Today, basic internet services are much more reliable and we got used to rely on that. So, why should you intentionally pull the cord on a flawlessly running service, isn’t that insane? In fact, Google does exactly that!
Some large companies not only make contracts with their customers about the quality and availability of their provided services, they also do this for internal services. Google is no exception. These contracts are called Service Level Agreements („SLA“). The way Google designs SLAs is documented in Chapter 4 of the SRE book. A set of performance measurable indicators (SLIs) is used to establish judgeable objectives (SLOs) for a service, the user-facing objectives are exposed as SLAs. SLAs are much more fine grained than a simple „is up“ or „is down“. If service consumers get time-outs upon their requests, a service which reports being „up“ in terms of „the service is running“ is rather completely useless. It’s like saying “Please come in!” when the doorhandle is broken. Availibility is not just „black“ or „white“.
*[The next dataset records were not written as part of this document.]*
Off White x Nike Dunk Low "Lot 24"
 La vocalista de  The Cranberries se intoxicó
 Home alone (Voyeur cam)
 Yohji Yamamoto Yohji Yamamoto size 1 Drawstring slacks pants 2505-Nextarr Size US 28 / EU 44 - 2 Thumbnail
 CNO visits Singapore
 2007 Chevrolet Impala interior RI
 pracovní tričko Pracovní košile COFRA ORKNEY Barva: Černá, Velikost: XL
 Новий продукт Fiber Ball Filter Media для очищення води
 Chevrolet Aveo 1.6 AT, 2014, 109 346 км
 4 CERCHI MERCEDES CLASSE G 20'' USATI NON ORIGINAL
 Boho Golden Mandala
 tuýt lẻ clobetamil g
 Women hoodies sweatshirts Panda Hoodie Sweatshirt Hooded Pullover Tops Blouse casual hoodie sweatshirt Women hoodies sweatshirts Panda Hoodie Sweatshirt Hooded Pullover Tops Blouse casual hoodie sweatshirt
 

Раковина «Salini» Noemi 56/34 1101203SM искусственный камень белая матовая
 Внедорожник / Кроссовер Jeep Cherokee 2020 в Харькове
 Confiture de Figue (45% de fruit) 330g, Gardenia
No service is really available always. Think about the email example. As long as the sending email server is unable to reach the destination server, it retries the delivery multiple times over a long period. The fact that a program can recover from errors is called „resiliency“ and make two systems independent from one another is clalled „lose coupling“. The sender is not assuming that the destination is available at any time it wants to send. If you miss to implement your software in such a resilient way, you will never run into troubles – as long as the service you consume is available. But it can already be fatal on your own program if the other side only has minor issues. To detect consumers of a service which are unable to cope with an outage of that particular service, Google actually decides to turn off services eventually, but only after they completed their SLA for the given timespan. Just to make sure that service users don’t feel too safe. For example for the central Google coordination component Chubby, the tale of “The Global Planned Chubby Outage” is told in chapter 4 of the SRE book:
SRE makes sure that global Chubby meets, but does not significantly exceed, its service level objective. In any given quarter, if a true failure has not dropped availability below the target, a controlled outage will be synthesized by intentionally taking down the system. In this way, we are able to flush out unreasonable dependencies on Chubby shortly after they are added. Doing so forces service owners to reckon with the reality of distributed systems sooner rather than later.
If you look at this from the other end, this also means that Google achieves very good uptimes of their services.
Now, what about you? What’s the first essential service you will take down in your company? At first of course you would need SLAs, to judge how good it performs. Then you need the buy-in from everyone to jump into the cold water of actually stopping it.